This is one reason why I take *Being and Time* as my central text; in
this work Heidegger offers a critique of Western philosophy from *inside*
that tradition. Correspondingly, I offer my critique of Cartesian
dualism from within the discipline of music theory and analysis.
[6] But Richard's commentary really takes us into some of the main
concerns of Heidegger's later thought, so I think it might be appropriate
to focus our differences around a famous example from Heidegger's
important essay, "The Origin of the Work of Art." This essay is notorious-
ly complicated, and I will thus only address one minor detail that arises
with regard to our concerns with musical worlding.(4) In a lengthy
discussion of a painting of peasant shoes by Van Gogh ("Les Souliers"),
Heidegger writes: "On the leather lie the dampness and richness of the
soil. Under the soles slides the loneliniess of the field path as
evening calls. In the shoes vibrates the silent call of the earth, its
quiet gift of the ripening grain and its unexplained self-refusal in the
fallow desolation of the wintry field. . . . This equipment belongs to
the *earth*, and it is protected in the *world* of the peasant woman."(5)
===============================================
4. For a careful interpretation of this essay in the context of
Heidegger's later thought, see Gerald L. Bruns, *Heidegger's
Estrangements: Language, Truth, and Poetry in the Later Writings* (New
Haven: Yale Univerisity Press, 1989), 27-51.
5. Martin Heidegger, "The Origin of the Work of Art," in *Poetry,
Language, Thought*, trans. Albert Hofstadter (New York: Harper and Row,
1971), 34. This essay originated in 1935 as a lecture and was expanded
in 1936 to three lectures; Heidegger later revised the essay for its
first publication in 1950 and later added an Addendum in 1956.
================================================
[7] I will side-step the topic that is really at stake for Heidegger
in this passage--the topic of "earth" and "world"--and merely point out
that in his entire discussion of this painting Heidegger never once
mentions another painting to which this one might be related in some way.
It is clear Heidegger is not at all concerned with situating this
painting within a world made up of other paintings; for Heidegger, this
work does not so much relate to other paintings by Van Gogh or his
fellow artists as much as it relates to the world of the peasant woman.
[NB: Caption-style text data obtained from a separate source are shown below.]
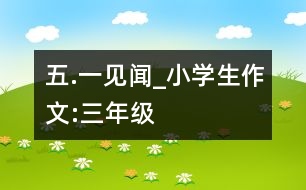 “五.一”見聞_小學(xué)生作文:三年級(jí)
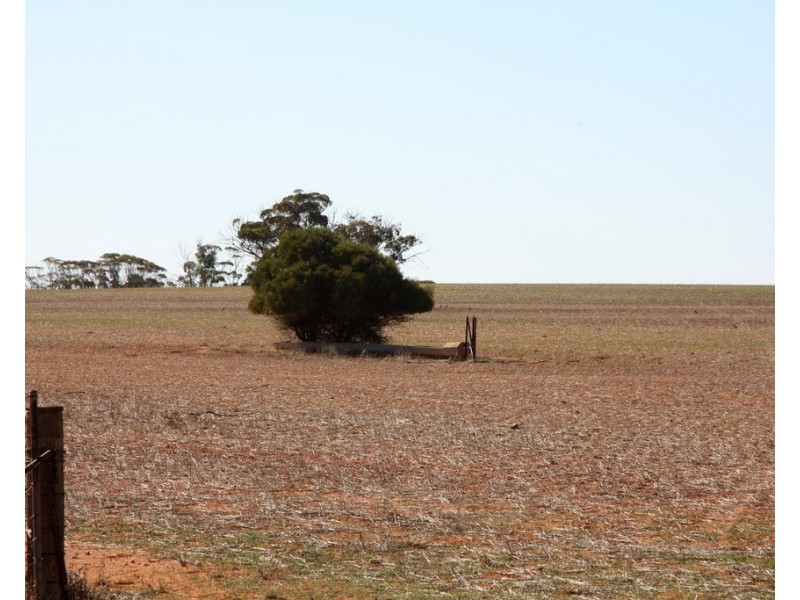 306 Beherendts Road, Paringa SA 5340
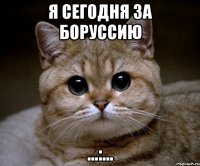 я сегодня за боруссию …:…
The obvious reason why such a painting can be interpreted in this manner
is because the context it which it is situated is one that is knowable
from our own lives (at least within Western culture). While it is
certainly possible to interpret this painting in terms of other works
and not in terms of the world of the peasant woman, I would like to
stress that Heidegger is able to offer a very compelling interpretation
that makes no reference to any "body of works" whatsoever. To return
to Richard's remarks, I take it that he would like to accomplish a
similar kind of interpretation for musical works.(6)
===============================================
6. Whether or not I have properly understood Richard on this point,
Lawrence Ferrara definitely attempts to model one aspect of his
analytical approach--his "referential analysis"--on Heidegger's essay;
see his *Philosophy and the Analysis of Music: Bridges to Musical Sound,
Form, and Reference* (n.p., Excelsior Music Publishing, 1991).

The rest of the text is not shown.